Problem requirements:
Print exactly the lines that run from the opening line of the material through the line with "Item preview, Funny", and nothing else, leaving out pictures.

──────────

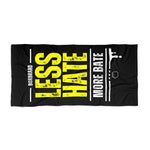 Less Hate, More Bate Beach Towel - B8rBrand - LeatherDaddy Skin Co.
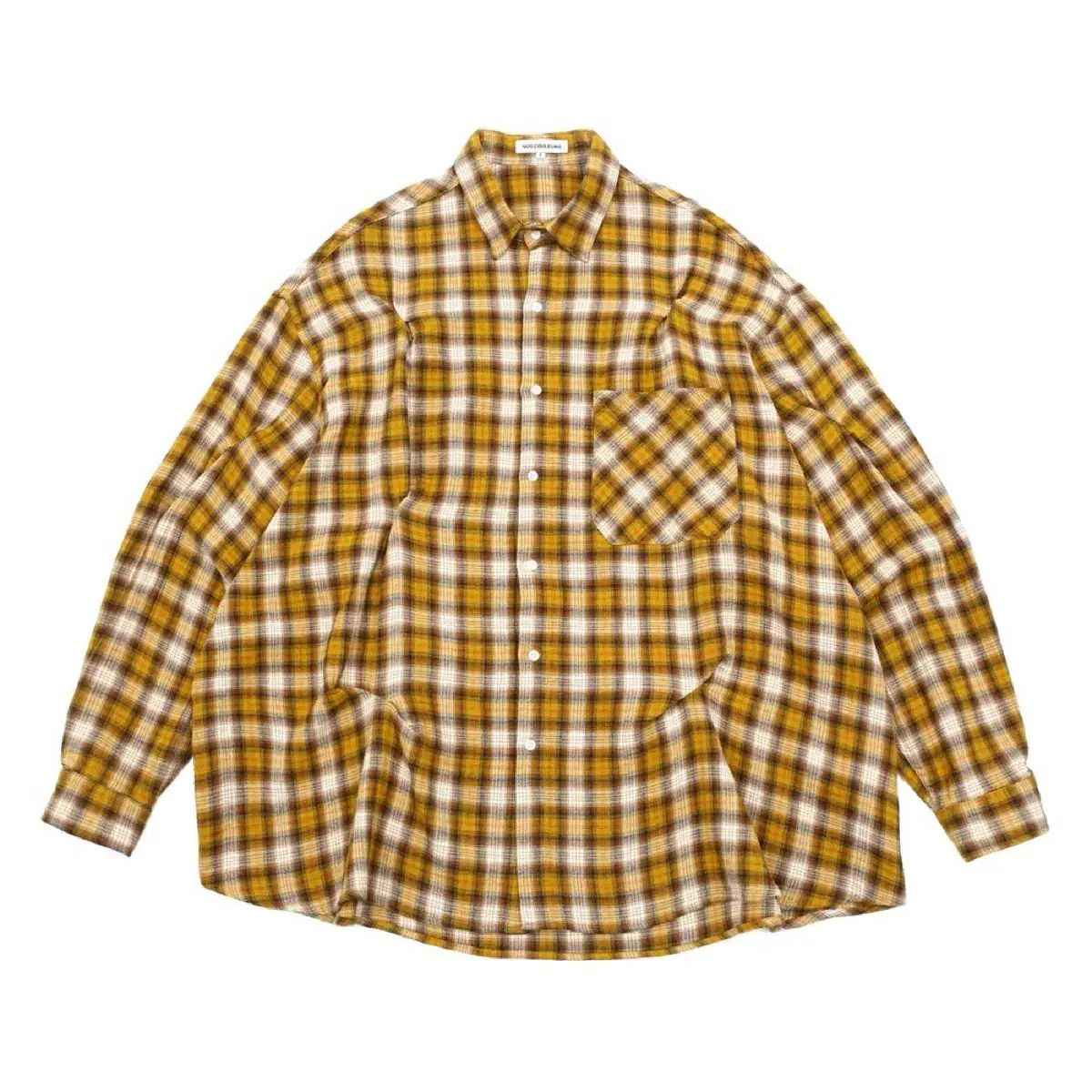 NOS COULEURS CHECK BITE シャツ マスタード チェックシャツ 2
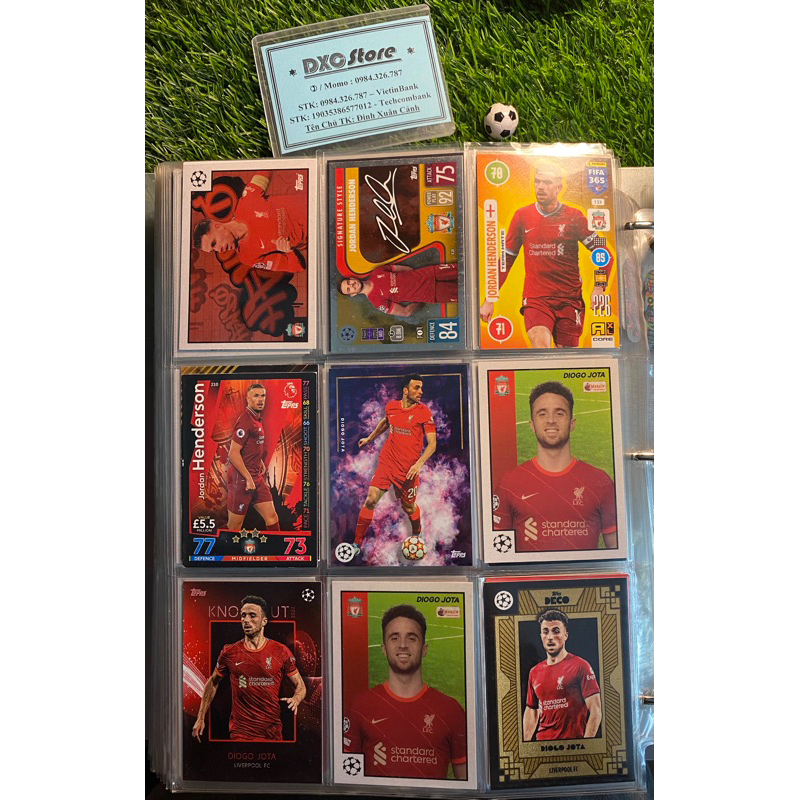 Retail Card - LOT Card - JORDAN HENDERSON - DIOGO JOTA (LIVERPOOL)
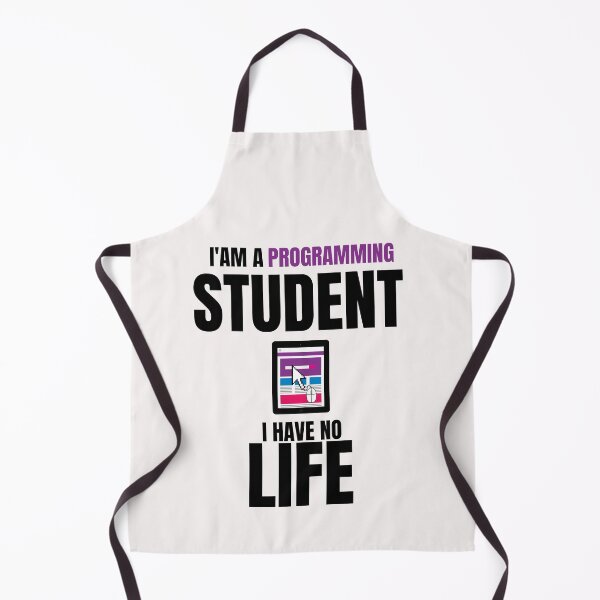 Item preview, Funny Programming Quotes,i'am a Programming Student i Have No Life designed and sold by behappysiempre.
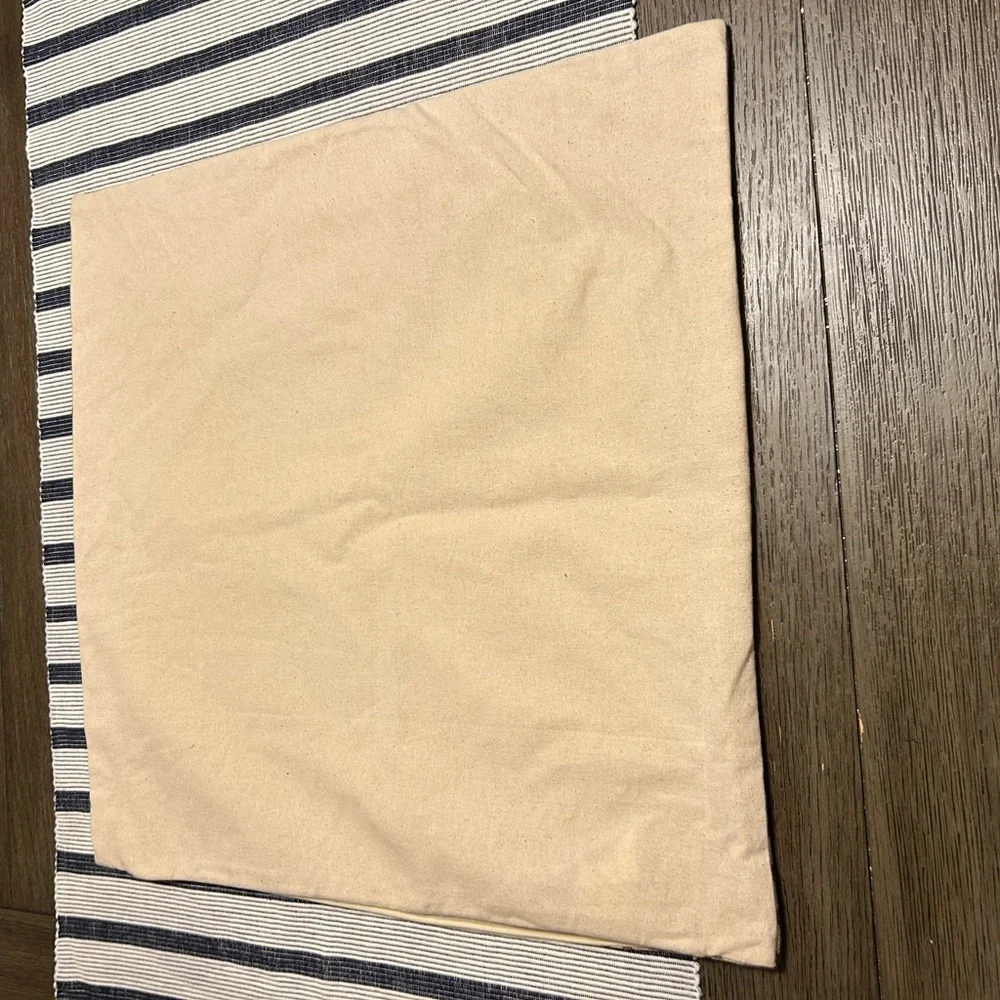 West Elm Pillow Cover with Red and Cream Accents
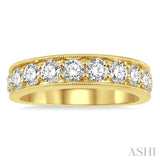 1 1/2 ctw Round Cut Diamond Wedding Band in 14K Yellow Gold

──────────

Result below:
 Less Hate, More Bate Beach Towel - B8rBrand - LeatherDaddy Skin Co.
 NOS COULEURS CHECK BITE シャツ マスタード チェックシャツ 2
 Retail Card - LOT Card - JORDAN HENDERSON - DIOGO JOTA (LIVERPOOL)
 Item preview, Funny Programming Quotes,i'am a Programming Student i Have No Life designed and sold by behappysiempre.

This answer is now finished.